In these architectures there is no separate computer and operating system mediating access to the media. There are no "drivers" hiding device-specific details. The media are talking directly to each other and the outside world. The only need for centralized computing is for monitoring and management, the sysadmin's UI to the storage fabric.

Also, the fabric itself must evolve, it has to be upgraded incrementally; it will contain media from different generations and different vendors. We know that in the life of the fabric both of the current media technologies, disk and flash, will hit technological limits, but we aren't sure of the characteristics of the technologies that will replace them. If the architecture is to succeed, these considerations place some strong requirements on the media protocol:
  • The media protocols must be open, long-lived industry standards; there is no good place to put adaptors between proprietary protocols.
  • The protocols must be at the object storage level, they have to hide the specific details of how the object is represented in the medium so that they can survive technology transitions.
  • The protocols must cover the essential archive functions, access, query, anti-entropy, media migration and storage management.
In this context work that has been on-going since at least 2006 by Van Jacobsen and others to implement what is now called Named Data Networking is something that the storage industry should support. The idea is to replace the TCP/IP infrastructure of the Internet with a new but functionally compatible infrastructure whose basic concept is a named data object.

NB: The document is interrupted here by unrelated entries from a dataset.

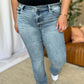 Woman wearing Judy Blue medium rise bootcut jeans, showcasing timeless style and comfortable fit for all body types.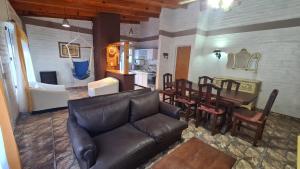 巴尔内阿利奥埃尔康多尔Sonidos del Mar的一间带真皮沙发的客厅和一间餐厅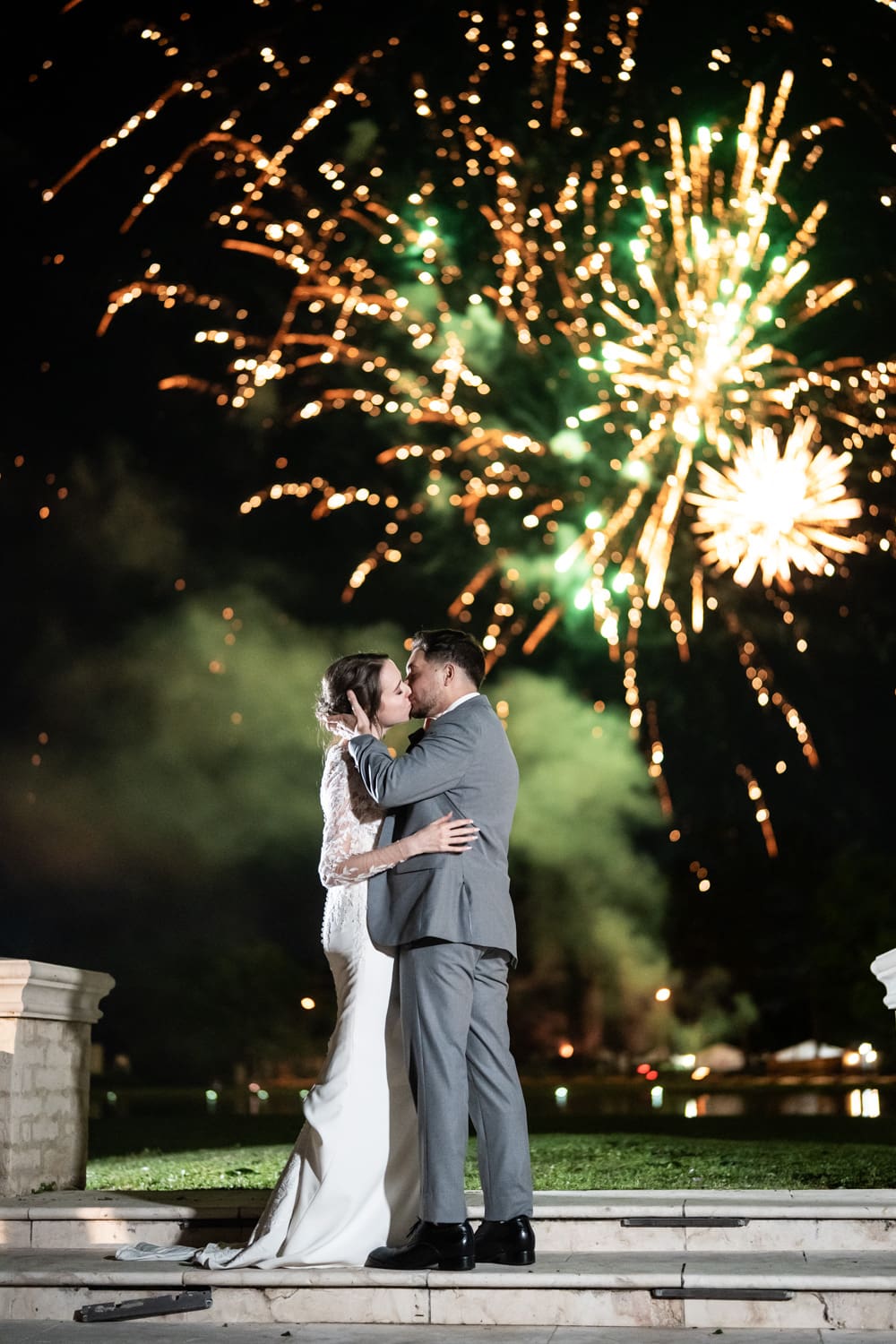 Bride and groom kiss with fireworks in the background at Ponchatoula 22 estate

To sum up, the storage architecture archives need is well within current technological capabilities. Please, storage industry, stop selling us stuff designed to do something completely different, and build it for us.

1 comment:

  1. In the discussion Dave Anderson pointed to proof that Seagate, at least, is thinking along these lines. In a 2013 paper entitled Exploiting Free Silicon for Energy-Efficient Computing Directly in NAND Flash-based Solid-State Storage Systems,, Peng Li and Kevin Gomez of Seagate and David Lilja of the Univ. of MN describe their concept of the Storage Processing Unit (SPU). This involves integrating a low-power CPU with the flash memory, which is what DAWN would require, and matches what Bunnie Huang found. They come to the same conclusion that, with very different hardware, FAWN did:

    "Simulation results show that the SPU-based system is at least 100 times more energy-efficient than the conventional system for data-intensive applications."

    The interesting part is why they believe the SPU is made of "free silicon". To understand this, you need to understand the chip design concept of "pad-limited". The pads of a chip are where the wires that transmit power and signals attach to the silicon, and their size is fixed by the process of bonding the wires to the silicon. Normally, the pads are arranged around the periphery of the chip, so the number of pads and their size determine the circumference of the chip. This means that a chip with a given number of connections has to have at least a certain area, whether or not it needs that area to implement the functions of the chip. A chip that needs less area to implement its functions than is enforced by its pads is called pad-limited. The chip area "wasted" can be used to implement other functions and is thus effectively free.

    It turns out that flash vendors are already using some of this free silicon:

    "For example, both the Micron ClearNAND and the Toshiba embedded multi-media card (eMMC) have integrated the hardware ECC into a die inside the NAND flash package. In addition, since the die area is pad-limited, manufacturers like Micron and Toshiba also have integrated a general purpose processor into the die to implement parts of the FTL [Flash Translation Layer] functions, such as block management, to further increase the SSD performance."

    "In fact, even with the integrated general purpose processor and the hardware ECC, the die still has available area. Thus, we can integrate more logic units without any additional cost."